Your answer must consist of the records below, reproduced exactly, with every picture removed.

[Collection entries]
_ _ _ _ _ _ _
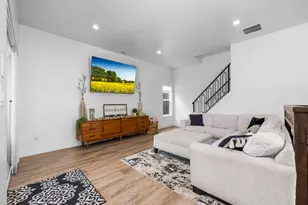584 W 620 N, Centerville, UT 84014 - Photo 11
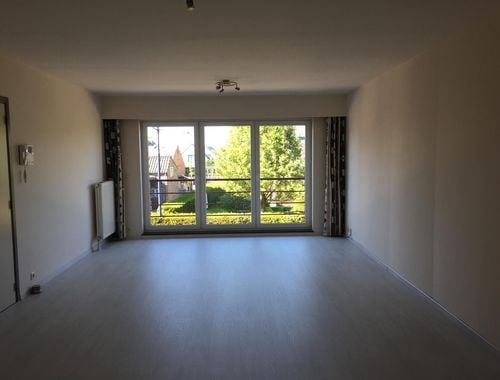                                         Appartement à louer à Nieuwerkerken, € 860
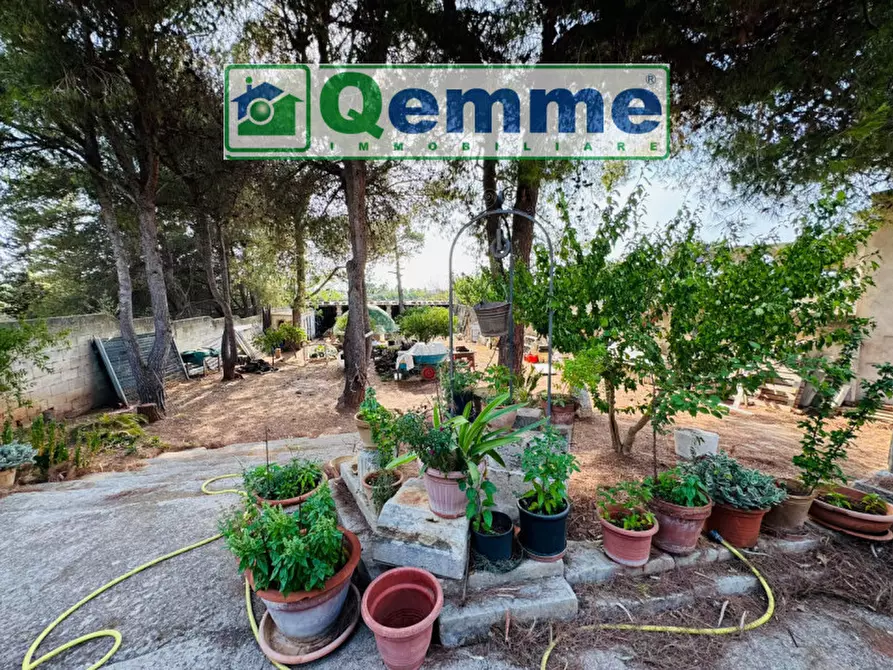 Immagine 38 di Villa in vendita  in Via Solano Li Belli a Lequile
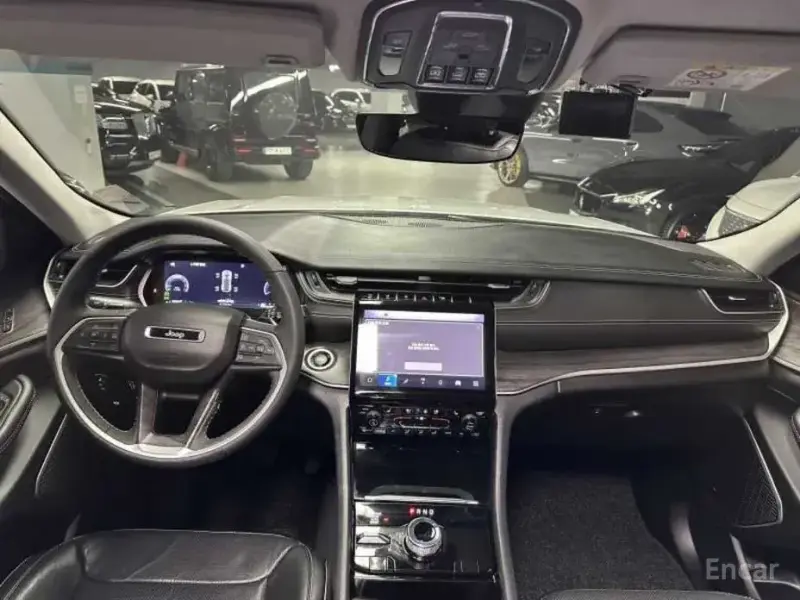 2023 Jeep Grand Cherokee с пробегом 41 758 км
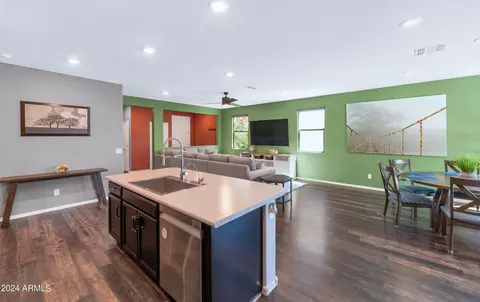 1529 E Saint Catherine Ave, Phoenix, AZ 85042 photo 23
_ _ _ _ _ _ _
▶ Expected answer:
584 W 620 N, Centerville, UT 84014 - Photo 11
                                         Appartement à louer à Nieuwerkerken, € 860
 Immagine 38 di Villa in vendita  in Via Solano Li Belli a Lequile
 2023 Jeep Grand Cherokee с пробегом 41 758 км
 1529 E Saint Catherine Ave, Phoenix, AZ 85042 photo 23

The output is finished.